## INSTRUCTIONS FOR THE TASK
Using the material below, print the line that contains "V-Neck Houndstooth Vest Without Undershirt", the line that contains "Lotus Decorative Rug, Flower", and every line in between, exactly and nothing else.

## DATASET EXCERPTS
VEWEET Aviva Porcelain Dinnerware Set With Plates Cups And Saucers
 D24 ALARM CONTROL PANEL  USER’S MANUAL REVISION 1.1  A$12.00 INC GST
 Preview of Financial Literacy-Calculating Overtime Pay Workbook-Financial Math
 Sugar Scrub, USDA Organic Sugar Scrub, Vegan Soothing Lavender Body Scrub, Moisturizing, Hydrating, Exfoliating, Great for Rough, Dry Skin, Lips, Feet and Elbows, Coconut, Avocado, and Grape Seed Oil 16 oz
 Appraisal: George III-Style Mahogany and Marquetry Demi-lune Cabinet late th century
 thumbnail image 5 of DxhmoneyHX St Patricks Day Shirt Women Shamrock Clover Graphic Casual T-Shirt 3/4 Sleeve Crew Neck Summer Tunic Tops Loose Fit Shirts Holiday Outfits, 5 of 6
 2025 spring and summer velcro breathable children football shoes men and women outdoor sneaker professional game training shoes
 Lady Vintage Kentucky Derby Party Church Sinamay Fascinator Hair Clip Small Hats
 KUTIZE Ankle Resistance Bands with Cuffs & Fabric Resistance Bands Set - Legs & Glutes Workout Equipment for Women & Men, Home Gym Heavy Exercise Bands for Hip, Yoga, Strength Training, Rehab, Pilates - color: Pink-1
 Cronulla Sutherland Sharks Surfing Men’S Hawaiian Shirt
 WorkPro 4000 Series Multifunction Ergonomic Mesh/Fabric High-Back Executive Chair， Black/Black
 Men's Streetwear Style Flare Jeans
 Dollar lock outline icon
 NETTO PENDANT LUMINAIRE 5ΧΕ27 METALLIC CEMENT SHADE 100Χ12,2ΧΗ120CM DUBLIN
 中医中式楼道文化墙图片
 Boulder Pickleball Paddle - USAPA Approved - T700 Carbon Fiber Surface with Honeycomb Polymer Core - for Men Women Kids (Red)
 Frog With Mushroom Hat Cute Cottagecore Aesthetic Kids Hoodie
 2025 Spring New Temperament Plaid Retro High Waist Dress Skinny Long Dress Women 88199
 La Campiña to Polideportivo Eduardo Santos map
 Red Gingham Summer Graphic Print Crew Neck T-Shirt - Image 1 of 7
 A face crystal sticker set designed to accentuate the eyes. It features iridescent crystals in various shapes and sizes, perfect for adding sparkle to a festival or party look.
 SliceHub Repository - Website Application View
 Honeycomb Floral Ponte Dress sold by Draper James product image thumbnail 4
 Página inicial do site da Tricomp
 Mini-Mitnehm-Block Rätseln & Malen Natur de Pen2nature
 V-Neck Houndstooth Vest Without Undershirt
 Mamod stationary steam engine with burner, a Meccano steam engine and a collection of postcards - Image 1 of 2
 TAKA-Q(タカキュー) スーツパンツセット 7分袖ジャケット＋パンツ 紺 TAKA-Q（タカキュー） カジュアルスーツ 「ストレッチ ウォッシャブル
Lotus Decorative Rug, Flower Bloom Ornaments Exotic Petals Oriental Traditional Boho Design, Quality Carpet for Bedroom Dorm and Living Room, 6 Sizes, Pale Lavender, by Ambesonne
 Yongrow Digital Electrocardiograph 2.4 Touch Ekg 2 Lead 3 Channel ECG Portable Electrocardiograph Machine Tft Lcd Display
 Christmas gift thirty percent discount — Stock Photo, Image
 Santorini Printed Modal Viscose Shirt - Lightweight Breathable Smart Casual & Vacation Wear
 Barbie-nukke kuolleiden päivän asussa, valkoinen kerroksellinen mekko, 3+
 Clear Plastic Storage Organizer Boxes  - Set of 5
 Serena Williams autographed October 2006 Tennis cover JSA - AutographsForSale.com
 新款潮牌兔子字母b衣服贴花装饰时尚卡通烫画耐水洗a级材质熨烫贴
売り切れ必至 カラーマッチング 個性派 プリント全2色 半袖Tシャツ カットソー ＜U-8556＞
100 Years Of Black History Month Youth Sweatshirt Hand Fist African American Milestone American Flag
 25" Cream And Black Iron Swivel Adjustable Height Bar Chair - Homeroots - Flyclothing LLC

## RESULT OF THIS EXERCISE
 V-Neck Houndstooth Vest Without Undershirt
 Mamod stationary steam engine with burner, a Meccano steam engine and a collection of postcards - Image 1 of 2
 TAKA-Q(タカキュー) スーツパンツセット 7分袖ジャケット＋パンツ 紺 TAKA-Q（タカキュー） カジュアルスーツ 「ストレッチ ウォッシャブル
Lotus Decorative Rug, Flower Bloom Ornaments Exotic Petals Oriental Traditional Boho Design, Quality Carpet for Bedroom Dorm and Living Room, 6 Sizes, Pale Lavender, by Ambesonne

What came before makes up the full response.